L’apport des langues

Les parents d’Elisapie ont décidé dès son jeune âge qu’elle apprendrait le français. Elle évoque avec tendresse ses enseignantes du primaire, qui lui ont transmis leur passion pour la langue. Elle s’exprime aujourd’hui en français par envie, par amour et par respect pour les gens qu’elle côtoie, puisqu’elle habite maintenant Montréal.

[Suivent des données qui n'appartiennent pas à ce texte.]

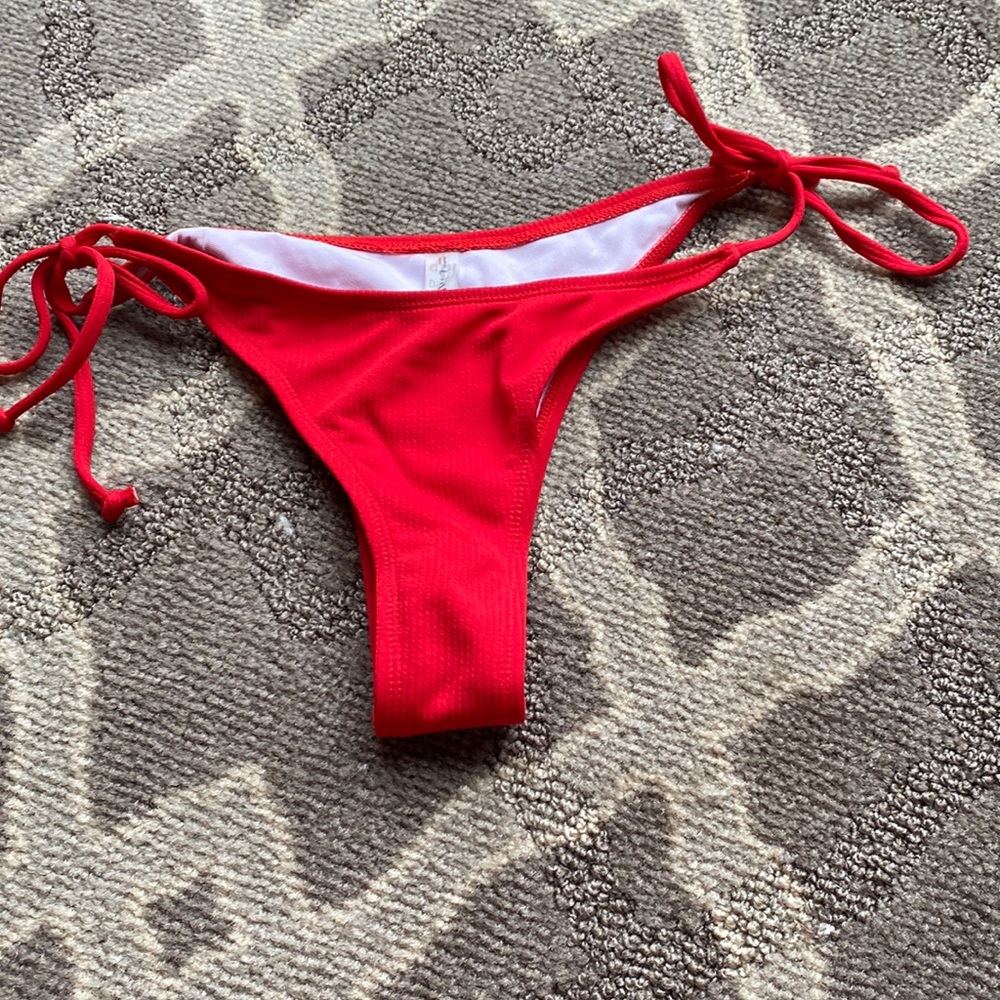 New never worn red Zaful string bikini bottom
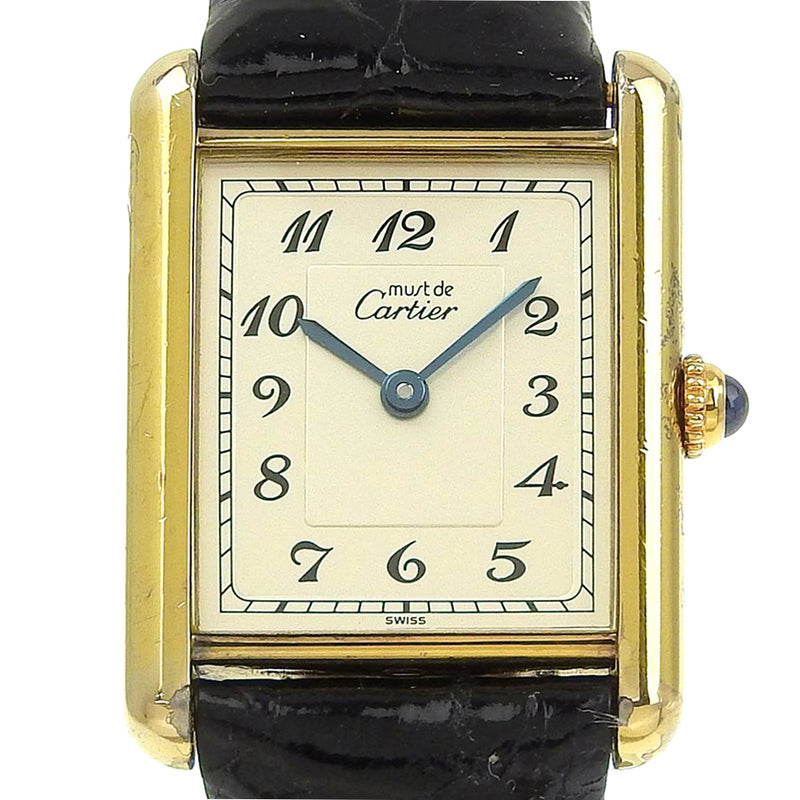 [Cartier] Cartier 
 Reloj Vermeille de tanque 
 Silver 925 × Crocodile Gold Quartz Display Analog Dial Tank Vermeil Damas B-Rank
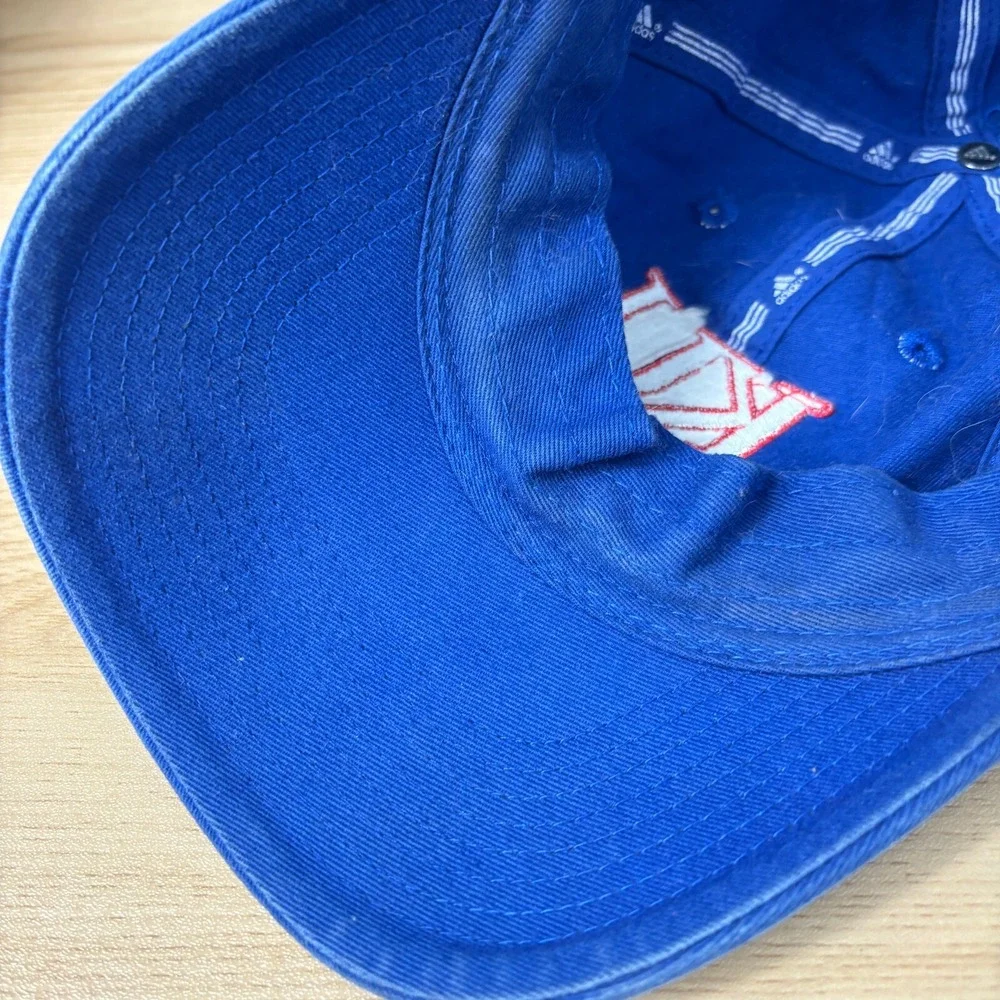 Kansas Jayhawks Hat Cap Strap Back‎ Blue Adidas Volleyball Adjustable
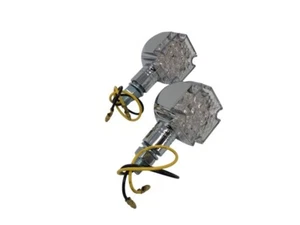 Highway Hawk Paar Blinker Malteserkreuz Mit LEDs Chrom M8 Gewinde Motorrad - Bild 1 von 4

« Je parle français par amour, pour l’ouverture vers l’autre. Pour moi, ça ne s’arrête pas à la langue. La langue amène de l’immensité, de la culture – elle élargit mon univers. J’adore parler français, j’aime les différentes possibilités que cette langue m’offre. Parce que c’est tout ce que je désire faire, m’exprimer. C’est comme si je ne m’exprimerai jamais assez! C’est une envie, un besoin viscéral qui fait partie de ma personnalité. Parler inuktitut, français et anglais me permet de jouer avec les mots. Tout le vocabulaire auquel j’ai accès me permet de mieux m’exprimer. »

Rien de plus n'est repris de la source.